*** Begin section ***
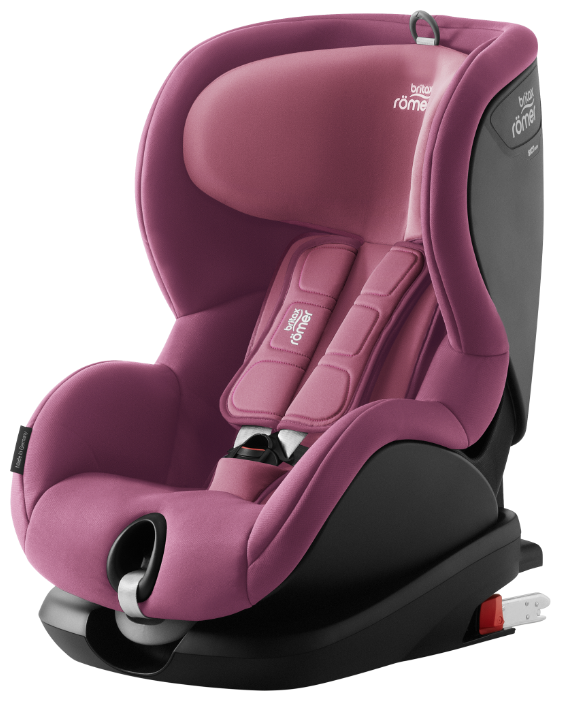 Автокресло Britax Roemer Trifix i-size Wine Rose Trendline (9-18кг) 12м+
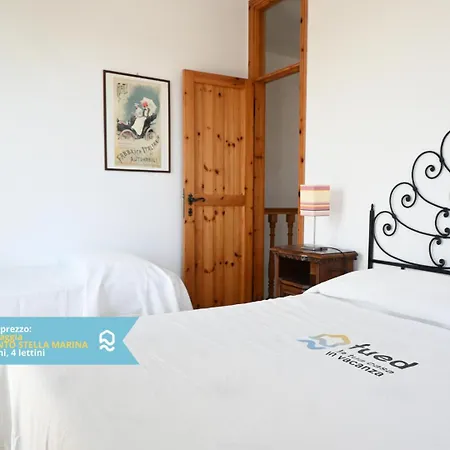 Viva1 - Numana, Nuovo Pentalocale In Con Piscina דירה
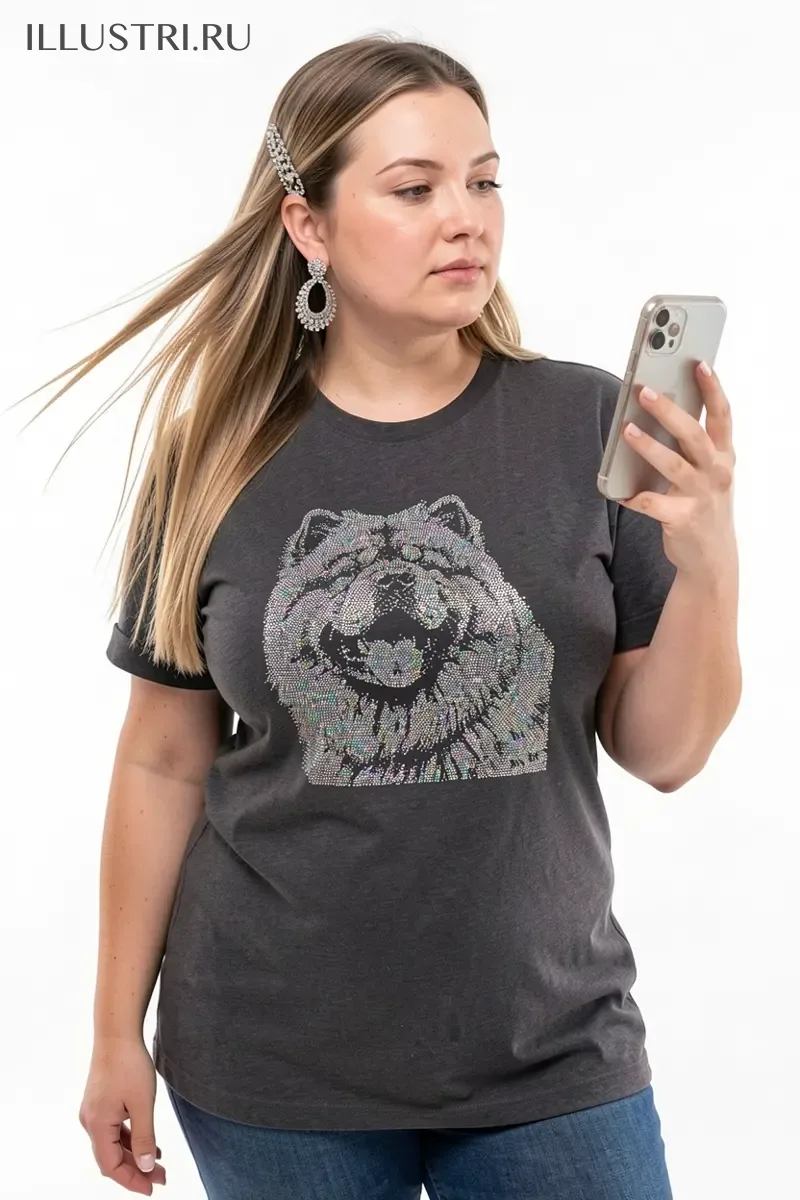 Визуализация ЧАУ-ЧАУ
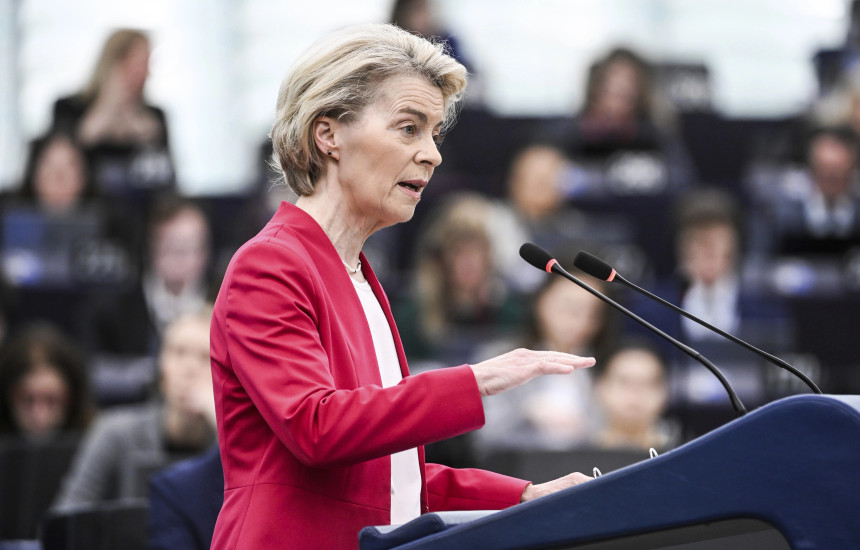 Ursula von der Leyen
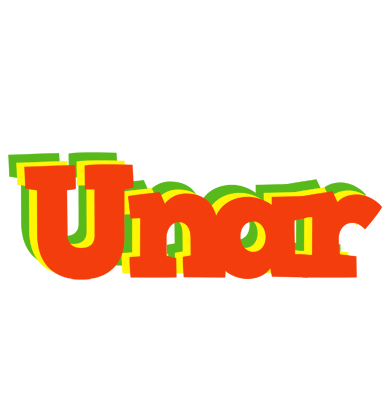 Unar bbq logo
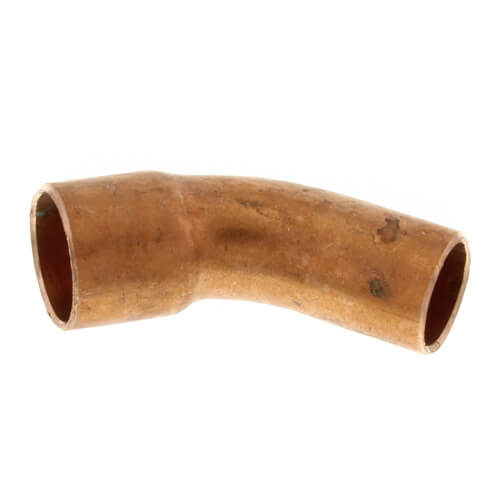 3/8" OD ACR FTG x C 45Â° Street Elbow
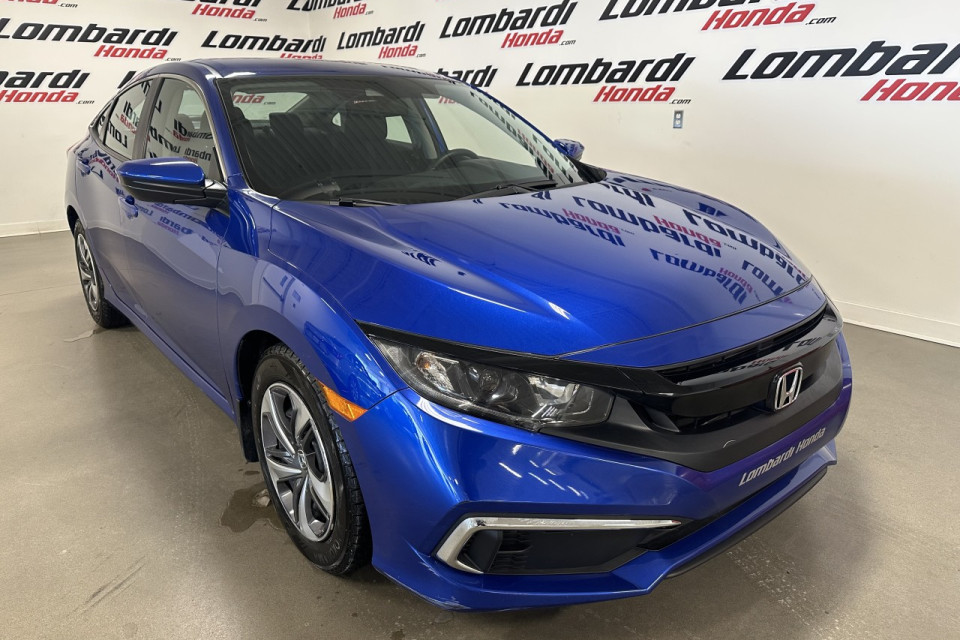 2021 Honda Civic - Image 1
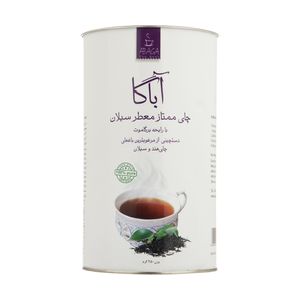 نقد و بررسی چای ممتاز معطر سیلان آباگا - 450 گرم توسط خریداران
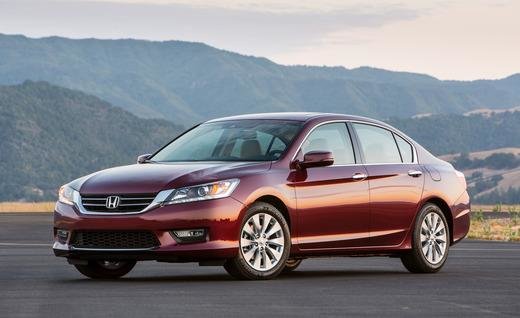 Honda Accord 2013 – Technologique, sophistiquée, et surtout amusante à conduire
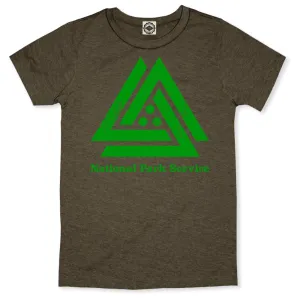 Vintage National Parks Service Logo (1916-1966) Men's Tee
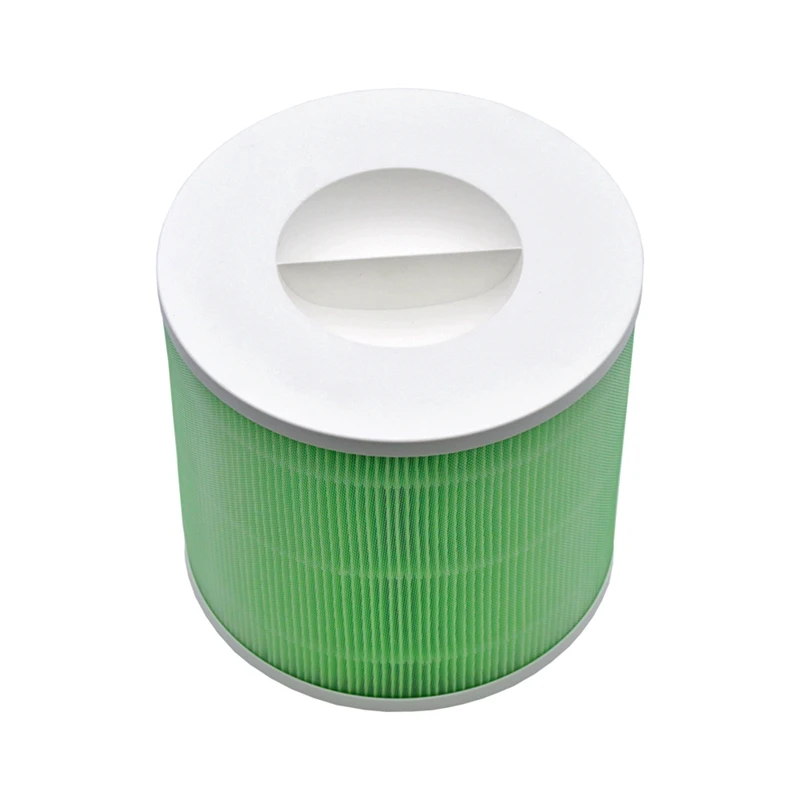 فلتر بديل لتنقية الهواء في المناظر الطبيعية ، الكربون المنشط ، الهواء النظيف ، الغبار ، فلتر هيبا الحقيقي ، حزمة واحدة H13 ، A8 ، SE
*** End section ***
_PROBLEM STATEMENT_
Would you retype the listing above exactly, omitting its pictures?

_YOUR RESPONSE_
 Автокресло Britax Roemer Trifix i-size Wine Rose Trendline (9-18кг) 12м+
 Viva1 - Numana, Nuovo Pentalocale In Con Piscina דירה
 Визуализация ЧАУ-ЧАУ
 Ursula von der Leyen
 Unar bbq logo
 3/8" OD ACR FTG x C 45Â° Street Elbow
 2021 Honda Civic - Image 1
 نقد و بررسی چای ممتاز معطر سیلان آباگا - 450 گرم توسط خریداران
 Honda Accord 2013 – Technologique, sophistiquée, et surtout amusante à conduire
 Vintage National Parks Service Logo (1916-1966) Men's Tee
 فلتر بديل لتنقية الهواء في المناظر الطبيعية ، الكربون المنشط ، الهواء النظيف ، الغبار ، فلتر هيبا الحقيقي ، حزمة واحدة H13 ، A8 ، SE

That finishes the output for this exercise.